By November 7, law enforcement officials were concentrating on the possibility that Walton might have been the victim of foul play at the hands of his coworkers. Walton’s other brother Donald also felt that the UFO story was a cover for something else. To this end, Rogers and his crew volunteered to take polygraph examinations the following Monday, November 10. During the exams, C.E. Gilson of the Arizona Department of Public Safety asked four “relevant” questions; three of which dealt with whether Walton had been seriously injured or killed by the one or more members of the crew.

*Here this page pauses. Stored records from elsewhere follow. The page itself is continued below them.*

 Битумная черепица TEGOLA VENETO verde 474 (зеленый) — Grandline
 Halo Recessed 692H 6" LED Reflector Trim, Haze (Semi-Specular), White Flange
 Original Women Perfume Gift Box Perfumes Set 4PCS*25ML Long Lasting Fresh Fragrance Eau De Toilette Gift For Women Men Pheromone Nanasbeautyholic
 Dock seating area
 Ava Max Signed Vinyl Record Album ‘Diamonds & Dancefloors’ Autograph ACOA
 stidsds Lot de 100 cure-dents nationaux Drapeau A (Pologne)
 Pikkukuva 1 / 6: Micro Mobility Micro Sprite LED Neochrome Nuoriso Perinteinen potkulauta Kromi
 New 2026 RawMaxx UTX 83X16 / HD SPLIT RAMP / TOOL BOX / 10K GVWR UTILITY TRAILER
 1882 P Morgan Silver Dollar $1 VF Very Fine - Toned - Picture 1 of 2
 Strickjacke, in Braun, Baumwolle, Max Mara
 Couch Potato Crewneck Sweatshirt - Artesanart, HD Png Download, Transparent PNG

The fourth question, added at the last minute, was: “Did you tell the truth about actually seeing a UFO last Wednesday when Travis Walton disappeared?” Not surprisingly, the six crew members were unanimous in their responses: “No” to the first three questions and “Yes” to the last. Five were judged to be truthful, results on the sixth (Allen Dalis) were “inconclusive.” In his formal written report, Gilson said, “The polygraph examinations prove that these five men did see some object that they believe to be a UFO and that Travis Walton was not injured or murdered by any of these men, on that Wednesday (5 November 1975). If an actual UFO did not exist and the UFO is a manmade hoax, five of these men had no prior knowledge of a hoax. No such determination can be made of the sixth man whose test results were inconclusive.”
On November 8, Phoenix UFOlogist Fred Sylvanus interviewed both Rogers and Duane Walton. The tape of this conversation reveals several striking details. Not once during the entire sixty-five minute interview did Duane or Rogers express any concern over Walton’s well-being. Rogers described the UFO as “beautiful.” Duane stated he had been seeing UFOs for the past “ten or twelve years. I’ve been seeing them all the time.” He also stated that he and Walton had made an agreement to “immediately get as directly under the object as physically possible” if one of them ever saw a UFO. Duane went on the state that he felt Walton was “having the experience of a lifetime.”
Later on the 10th, Travis Walton reappeared at a gas station in Heber.